-- Opening Marker --

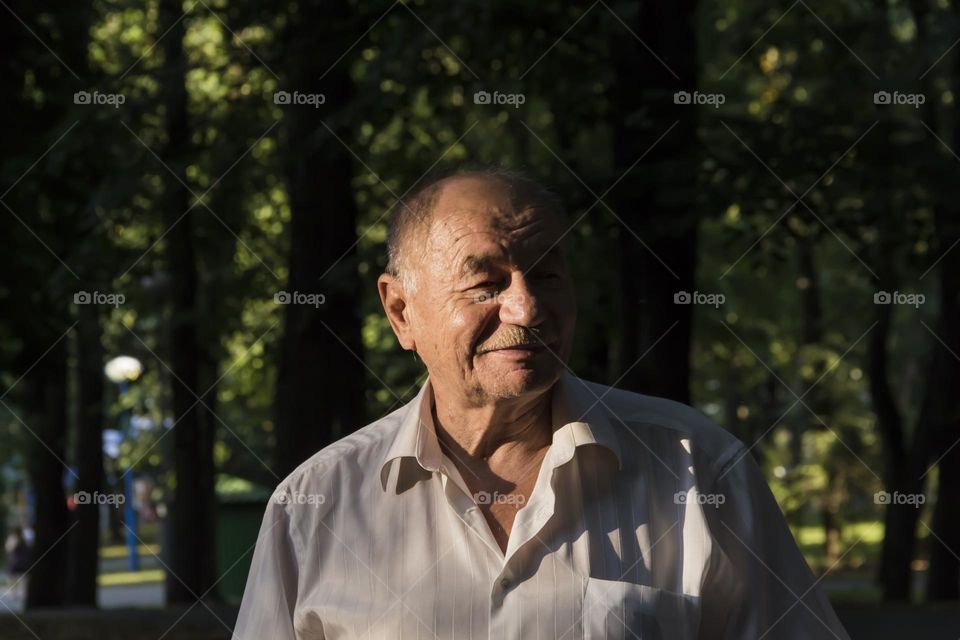 Portrait of an elderly man in a white shirt, smiling to a new day.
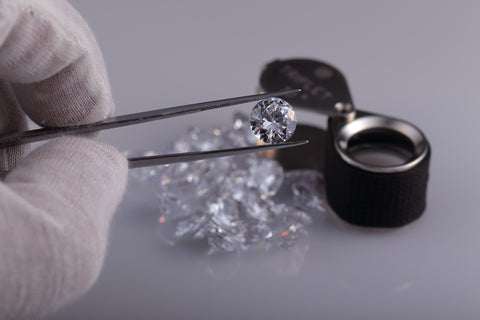 examining diamond gems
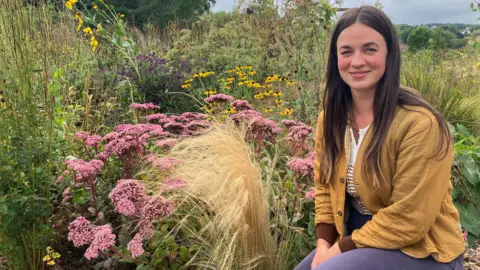 A woman with long dark hair is sitting in a garden next to some pink and yellow flours and grass.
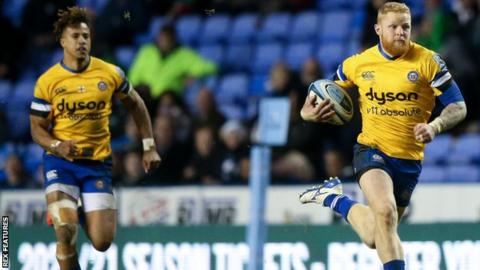 Bath's Tom Homer races clear for a second-half try with Bath and England wing Anthony Watson in support
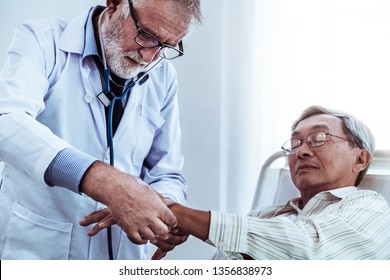 Mature doctor talking and examining health of senior patient in hospital ward. Medical healthcare and doctor staff service concept. - Shutterstock ID 1356838973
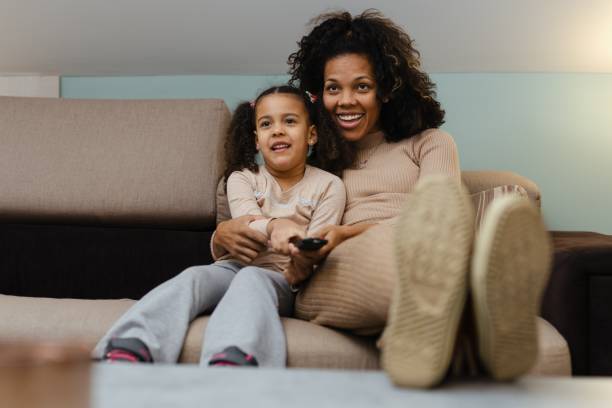 istock Smiling African Mother And Daughter Having Fun While Watching Television At Home 1490291539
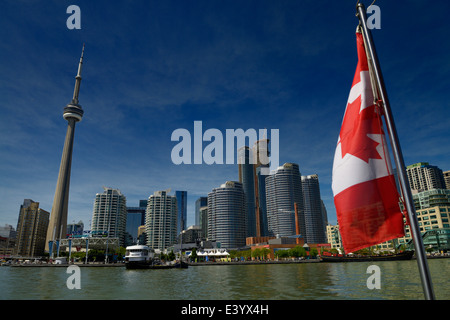 Canadian flag on a boat with Toronto skyline CN Tower and harbourfront on Lake Ontario Stock Photo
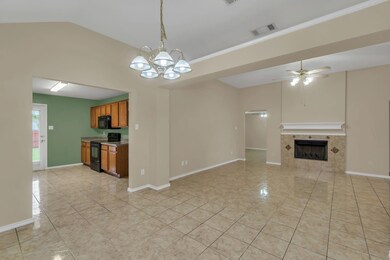Kitchen with visible vents, baseboards, a tiled fi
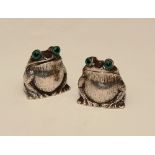 A pair of novelty Birmingham silver frog condiments, with green glass eyes, one salt, one pepper,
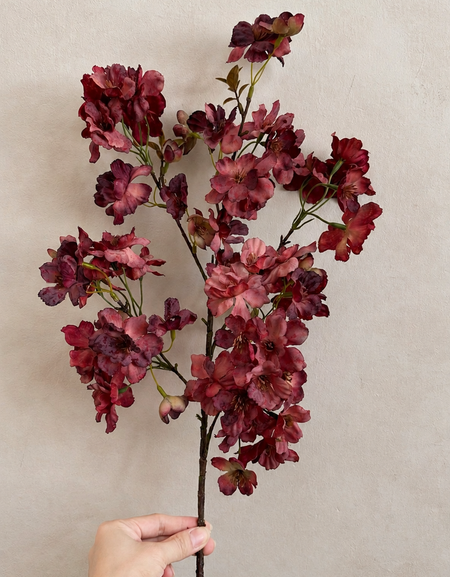 Full-length 37.4-inch wine burgundy artificial cherry blossom branch held for scale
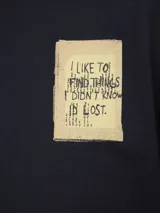 Remera gris de algodón con cuello redondo y estampado pequeño en el pecho.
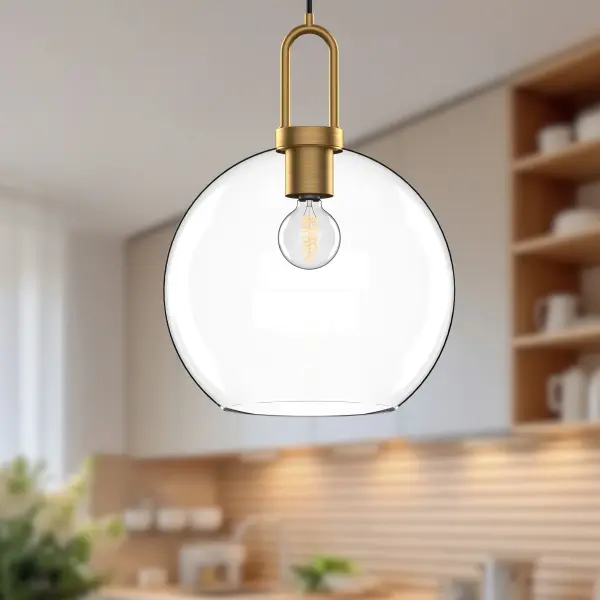 The Soji pendant brings serene Japanese lantern aesthetics to modern spaces. Its 10-inch clear glass globe paired with matte black detailing creates a clean, versatile look that transitions beautifully from day to night. - alternate view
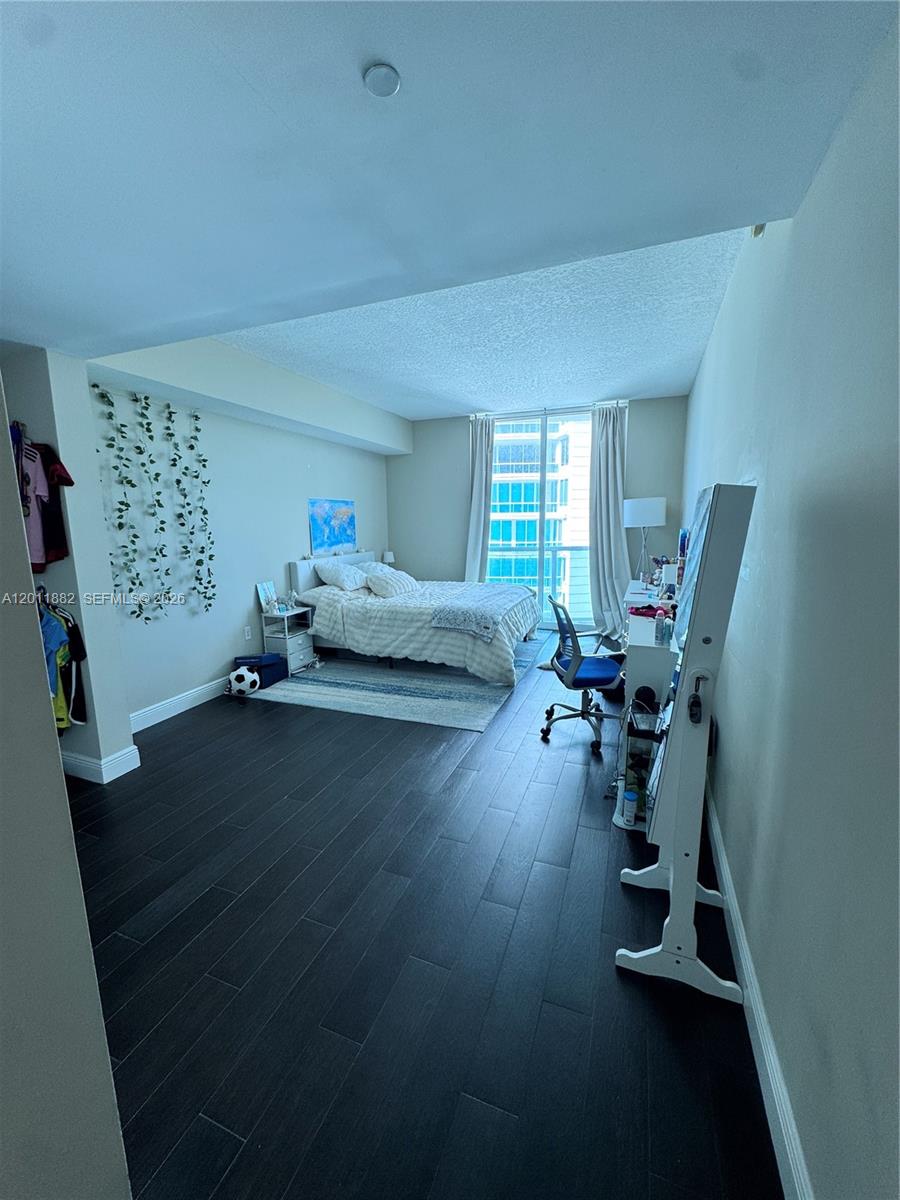2101 Brickell Avenue, Unit 3205 Miami, FL 33129 - Photo 25 of 31 a living room with furniture and a wooden floor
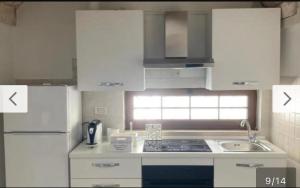 a white kitchen with white cabinets and a sink at Casa Annacarla in Noci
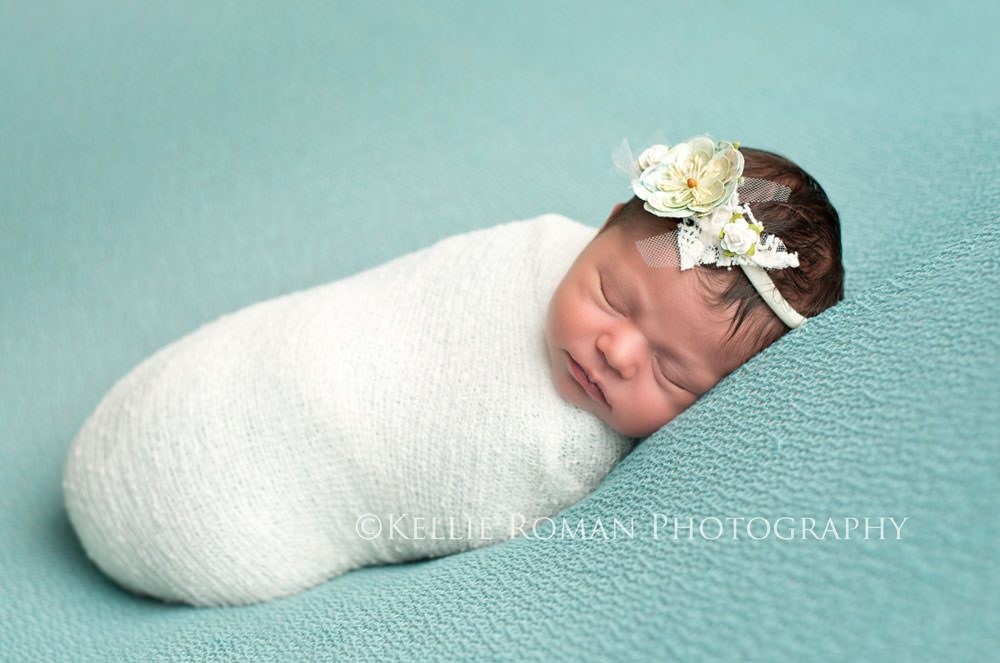 newborn session with baby girl wrapped in white swaddle onto of blue blanket with headband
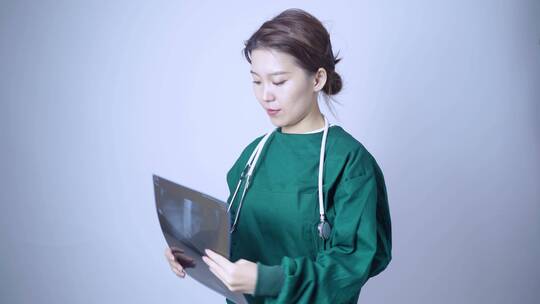 身穿手术服,手拿X光片医学影像的亚洲美女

-- Closing Marker --

Assigned task >>
Give again, word for word, only the lines from the one with "2101 Brickell Avenue, Unit" through the last line of the entries, both included; no pictures go in the copy.

Completed task >>
2101 Brickell Avenue, Unit 3205 Miami, FL 33129 - Photo 25 of 31 a living room with furniture and a wooden floor
 a white kitchen with white cabinets and a sink at Casa Annacarla in Noci
 newborn session with baby girl wrapped in white swaddle onto of blue blanket with headband
 身穿手术服,手拿X光片医学影像的亚洲美女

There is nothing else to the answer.